On May 4, 2012, Kinder Morgan Management, LLC (the Company) entered into an Equity Distribution Agreement (the Agreement) with Credit Suisse Securities (USA) LLC (Credit Suisse). Pursuant to the terms of the Agreement, the Company may sell from time to time through Credit Suisse, as the Companys sales agent, the Companys shares representing limited liability company interests having an aggregate offering price of up to $500,000,000 (the Shares). Sales of the Shares, if any, will be made by means of ordinary brokers transactions on the New York Stock Exchange at market prices, in block transactions or as otherwise agreed between the Company and Credit Suisse.
Under the terms of the Agreement, the Company may also sell Shares from time to time to Credit Suisse as principal for its own account at a price to be agreed upon at the time of sale. Any sale of Shares to Credit Suisse as principal would be pursuant to the terms of a separate terms agreement between the Company and Credit Suisse.
The Shares will be issued pursuant to the Companys shelf registration statement (the Registration Statement) on Form S-3 (File No. 333-179814).

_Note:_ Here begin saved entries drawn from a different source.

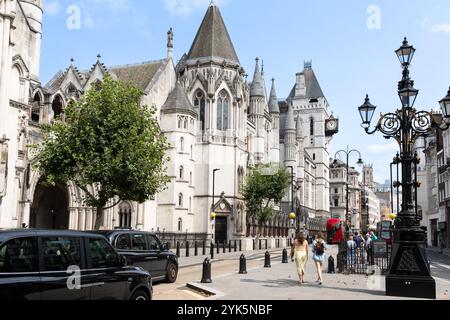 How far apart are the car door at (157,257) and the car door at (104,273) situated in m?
6.99

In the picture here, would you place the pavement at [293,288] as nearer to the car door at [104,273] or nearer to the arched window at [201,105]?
the car door at [104,273]

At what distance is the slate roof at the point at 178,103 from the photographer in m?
48.2

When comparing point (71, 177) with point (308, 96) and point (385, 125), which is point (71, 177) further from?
point (308, 96)

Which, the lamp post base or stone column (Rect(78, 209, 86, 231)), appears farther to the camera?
stone column (Rect(78, 209, 86, 231))

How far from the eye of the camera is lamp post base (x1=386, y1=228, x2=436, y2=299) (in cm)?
1249

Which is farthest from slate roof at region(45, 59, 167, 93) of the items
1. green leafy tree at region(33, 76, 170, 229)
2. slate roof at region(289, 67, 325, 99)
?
slate roof at region(289, 67, 325, 99)

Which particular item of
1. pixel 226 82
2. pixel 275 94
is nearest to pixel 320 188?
pixel 275 94

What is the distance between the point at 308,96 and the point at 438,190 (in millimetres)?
52098

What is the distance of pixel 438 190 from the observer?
5869 cm

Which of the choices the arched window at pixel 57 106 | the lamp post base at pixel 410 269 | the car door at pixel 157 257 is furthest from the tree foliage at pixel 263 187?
the lamp post base at pixel 410 269

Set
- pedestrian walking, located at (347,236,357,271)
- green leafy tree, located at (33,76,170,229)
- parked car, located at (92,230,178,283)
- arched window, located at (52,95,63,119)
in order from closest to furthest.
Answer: parked car, located at (92,230,178,283), pedestrian walking, located at (347,236,357,271), green leafy tree, located at (33,76,170,229), arched window, located at (52,95,63,119)

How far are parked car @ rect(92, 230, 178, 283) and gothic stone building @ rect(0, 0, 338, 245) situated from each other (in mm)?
14551

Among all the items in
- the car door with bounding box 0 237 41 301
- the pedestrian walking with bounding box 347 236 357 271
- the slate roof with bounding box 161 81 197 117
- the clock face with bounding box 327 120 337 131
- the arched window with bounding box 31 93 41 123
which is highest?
the clock face with bounding box 327 120 337 131

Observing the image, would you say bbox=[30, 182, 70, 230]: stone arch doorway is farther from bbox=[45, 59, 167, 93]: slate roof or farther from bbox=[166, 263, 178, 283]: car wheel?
bbox=[166, 263, 178, 283]: car wheel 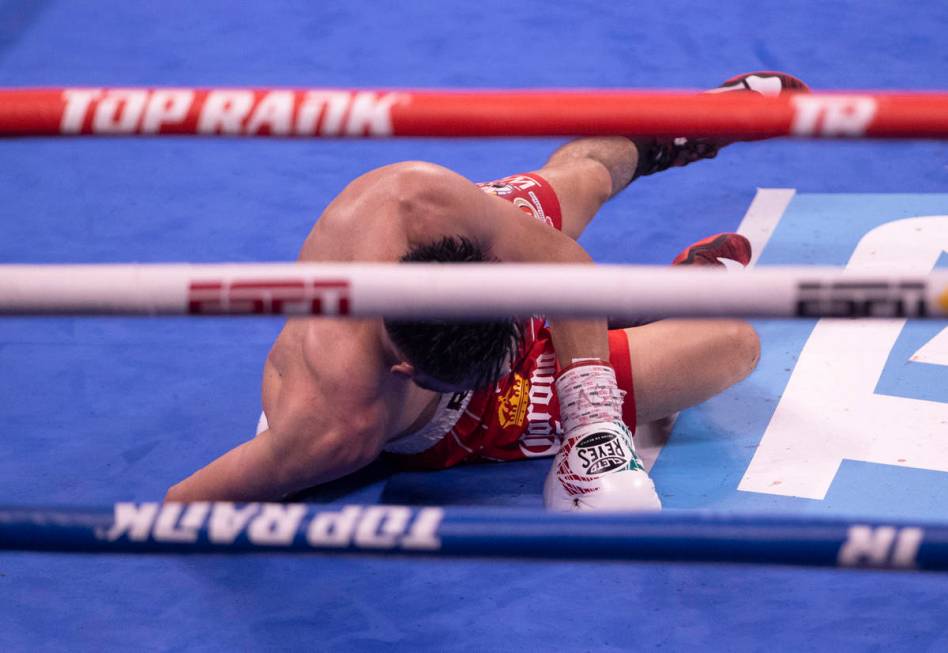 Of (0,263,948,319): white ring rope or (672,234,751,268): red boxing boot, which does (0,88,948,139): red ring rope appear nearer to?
(0,263,948,319): white ring rope

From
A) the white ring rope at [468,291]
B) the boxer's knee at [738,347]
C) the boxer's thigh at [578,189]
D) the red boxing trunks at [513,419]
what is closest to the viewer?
the white ring rope at [468,291]

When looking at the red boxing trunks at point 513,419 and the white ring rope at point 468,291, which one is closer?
the white ring rope at point 468,291

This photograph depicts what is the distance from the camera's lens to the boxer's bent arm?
2.19 meters

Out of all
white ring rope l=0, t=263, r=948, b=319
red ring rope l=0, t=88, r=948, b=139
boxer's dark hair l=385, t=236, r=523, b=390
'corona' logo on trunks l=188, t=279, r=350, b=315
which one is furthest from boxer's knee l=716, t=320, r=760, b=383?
'corona' logo on trunks l=188, t=279, r=350, b=315

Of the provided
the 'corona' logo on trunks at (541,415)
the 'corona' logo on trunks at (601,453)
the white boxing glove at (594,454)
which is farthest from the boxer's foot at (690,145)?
the 'corona' logo on trunks at (601,453)

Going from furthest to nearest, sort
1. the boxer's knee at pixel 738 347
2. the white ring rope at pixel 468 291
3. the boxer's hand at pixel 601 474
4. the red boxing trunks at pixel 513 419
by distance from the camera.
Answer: the boxer's knee at pixel 738 347 < the red boxing trunks at pixel 513 419 < the boxer's hand at pixel 601 474 < the white ring rope at pixel 468 291

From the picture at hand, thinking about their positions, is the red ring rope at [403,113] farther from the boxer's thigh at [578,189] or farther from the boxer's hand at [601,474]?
the boxer's thigh at [578,189]

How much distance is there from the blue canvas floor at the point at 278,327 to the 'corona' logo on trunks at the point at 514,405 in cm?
12

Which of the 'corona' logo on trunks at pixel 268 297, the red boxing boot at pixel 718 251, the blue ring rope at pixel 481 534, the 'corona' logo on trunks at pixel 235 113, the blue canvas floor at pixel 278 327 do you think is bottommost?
the blue canvas floor at pixel 278 327

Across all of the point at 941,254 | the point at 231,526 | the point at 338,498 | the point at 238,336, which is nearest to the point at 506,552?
the point at 231,526

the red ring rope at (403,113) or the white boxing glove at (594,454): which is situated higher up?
the red ring rope at (403,113)

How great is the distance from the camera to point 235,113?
49.8 inches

The Agreement is filed as Exhibit 1.1 to this Current Report on Form 8-K, and this description of the Agreement is qualified in its entirety by reference to such exhibit. The Agreement is also filed with reference to, and is incorporated by reference into, the Registration Statement.

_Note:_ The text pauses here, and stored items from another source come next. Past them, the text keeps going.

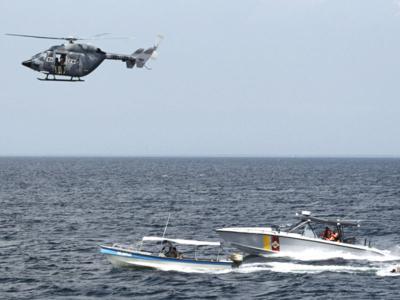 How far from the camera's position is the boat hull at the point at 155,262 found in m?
42.1

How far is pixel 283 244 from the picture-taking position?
1817 inches

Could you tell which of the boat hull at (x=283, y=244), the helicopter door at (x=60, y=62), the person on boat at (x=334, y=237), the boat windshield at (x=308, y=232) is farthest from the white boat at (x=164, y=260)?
the helicopter door at (x=60, y=62)

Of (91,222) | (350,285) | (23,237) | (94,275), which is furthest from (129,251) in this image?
(91,222)

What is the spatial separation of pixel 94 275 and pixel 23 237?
61.6 ft

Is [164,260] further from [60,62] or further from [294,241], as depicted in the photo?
[60,62]

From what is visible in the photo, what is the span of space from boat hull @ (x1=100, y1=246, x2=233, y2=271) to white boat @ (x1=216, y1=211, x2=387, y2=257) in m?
4.93

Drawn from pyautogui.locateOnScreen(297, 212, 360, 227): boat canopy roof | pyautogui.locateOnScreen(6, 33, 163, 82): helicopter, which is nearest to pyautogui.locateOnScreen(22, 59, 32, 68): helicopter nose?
pyautogui.locateOnScreen(6, 33, 163, 82): helicopter

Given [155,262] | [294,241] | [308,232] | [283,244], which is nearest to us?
[155,262]

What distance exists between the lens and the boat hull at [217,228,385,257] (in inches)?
1794

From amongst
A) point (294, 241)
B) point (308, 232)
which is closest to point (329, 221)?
point (308, 232)

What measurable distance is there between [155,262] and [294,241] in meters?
10.1

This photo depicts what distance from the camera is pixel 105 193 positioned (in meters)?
111

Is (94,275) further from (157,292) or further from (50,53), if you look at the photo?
(50,53)

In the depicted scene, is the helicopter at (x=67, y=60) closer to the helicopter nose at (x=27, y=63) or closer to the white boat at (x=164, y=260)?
the helicopter nose at (x=27, y=63)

Item 9.01 Financial Statements and Exhibits.
(d) Exhibits.
1.1 Equity Distribution Agreement, dated May 4, 2012, between Kinder Morgan Management, LLC, Kinder Morgan Energy Partners, L.P., Kinder Morgan, Inc. and Credit Suisse Securities (USA) LLC.
S I G N A T U R E
Pursuant to the requirements of the Securities Exchange Act of 1934, the registrant has duly caused this report to be signed on its behalf by the undersigned hereunto duly authorized.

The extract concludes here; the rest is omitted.